Seppur attraversata da una grave crisi economica che ha colpito soprattutto i giovani, nonostante gli attentati contro i turisti occidentali e i politici e gli intellettuali rivali di Ennahda, il partito islamico che ha vinto le prime elezioni per poi essere spodestato dai laici dell’attuale presidente Essebsi, la società tunisina sembra reggere l’urto di una convivenza pacifica, laica e liberale.

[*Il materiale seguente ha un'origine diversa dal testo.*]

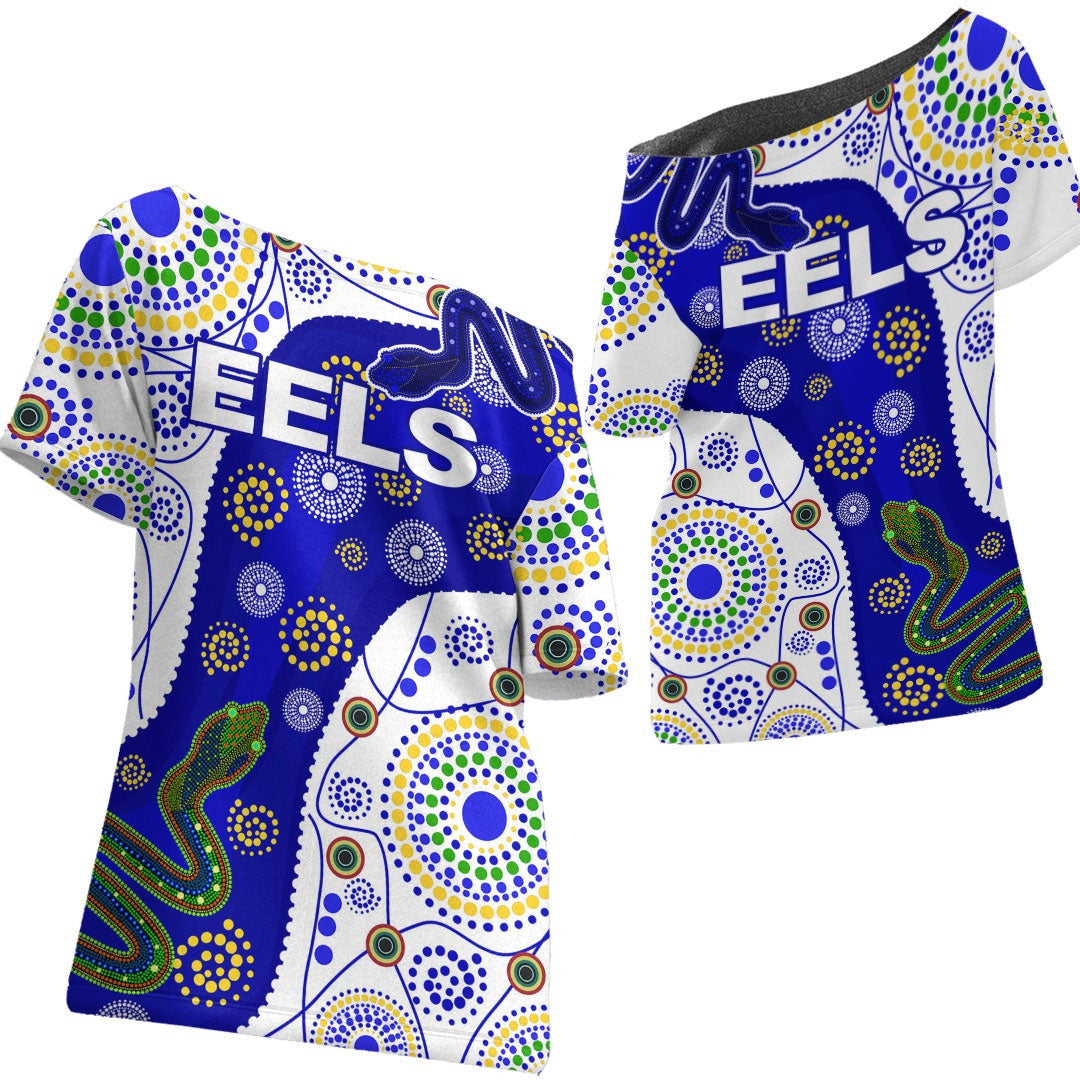 vibehoodie-shirt-parramatta-eels-naidoc-blue-version-rugby-team-off-shoulder-t-shirt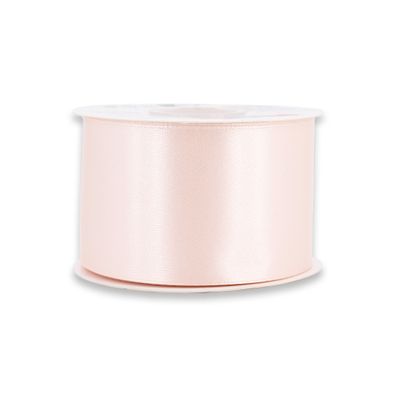 Satinband 50mm x 25m Rolle Blush Rosé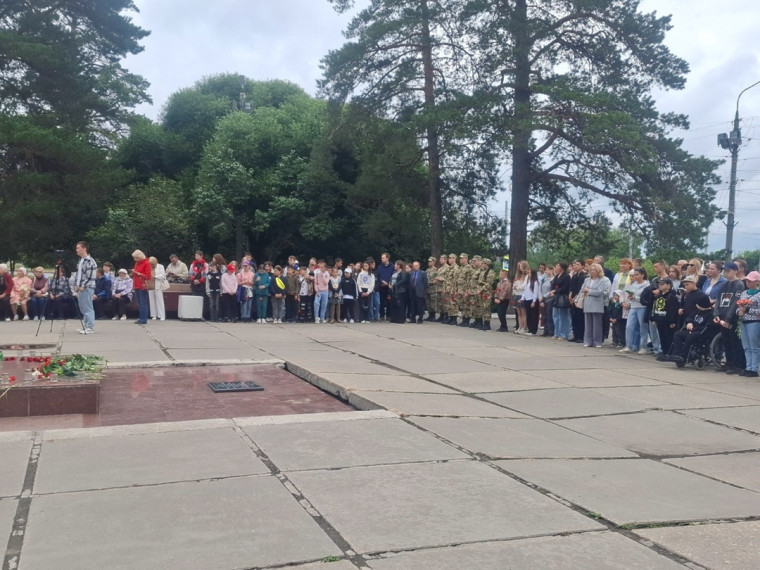 митинг, посвящённый 84-й годовщине начала Великой Отечественной войны.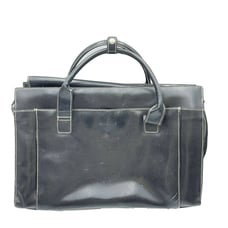 Samsonite Black Leather Messenger Bag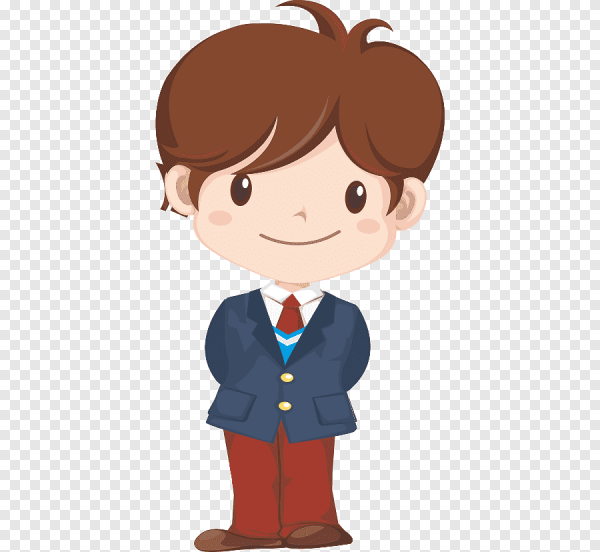 Мультяшные школьники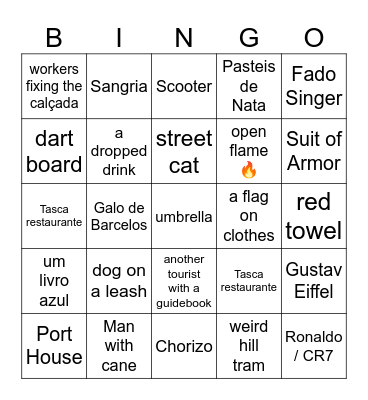 Isto está a deixar-te com fome? Bingo Card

Nel 2015 il quartetto tunisino per il dialogo nazionale ha vinto il Nobel per la pace, ma oggi sulle montagne dell’interno del Paese al Qaeda e altri gruppi fondamentalisti possono gestire indisturbati i loro campi d’addestramento. E la Tunisia è il Paese che in proporzione ha inviato più foreign fighters a combattere per lo Stato Islamico in Siria, Iraq e Libia. Segnali inquietanti ma potenzialmente contenibili in un quadro di sviluppo e crescita. D’altronde sono stati proprio i jihadisti a beneficiare maggiormente del naufragio delle primavere arabe. Il fatto che gli antichi nemici, ossia i dittatori laici dei Paesi a maggioranza musulmana, fossero stati deposti pacificamente aveva tolto forza al loro mantra: solo con il jihad si sarebbe potuto raggiungere una società giusta. Invece lo scivolare di Yemen, Siria e Libia nel caos del tutti contro tutti ha creato un terreno fertile per la nascita e la diffusione di vecchie e nuove sigle terroristiche, da al Qaeda al gruppo Stato Islamico. Il passo dalla primavera di piazza all’inverno dei tagliagole è stato breve e questo ha rafforzato la posizione dei vecchi regimi.
In Egitto i militari hanno ripreso il potere con un golpe ( vincendo le successive elezioni-farsa), perché gli egiziani hanno preferito il già noto pugno di ferro del generale al Sisi alle incognite di un governo della Fratellanza; in Siria il destino di Assad che sembrava segnato è adesso ancora tutto da vedere, con la popolazione stretta fra i suoi bombardamenti e la follia dello Stato Islamico; la Libia è divisa fra due governi che si fanno la guerra con l’Isis come terzo incomodo; lo Yemen è stato praticamente cancellato da una guerra dimenticata dall’Occidente. Sì, delle primavere arabe è rimasto ben poco, se non la speranza che abbiano bisogno di più tempo per fiorire davvero.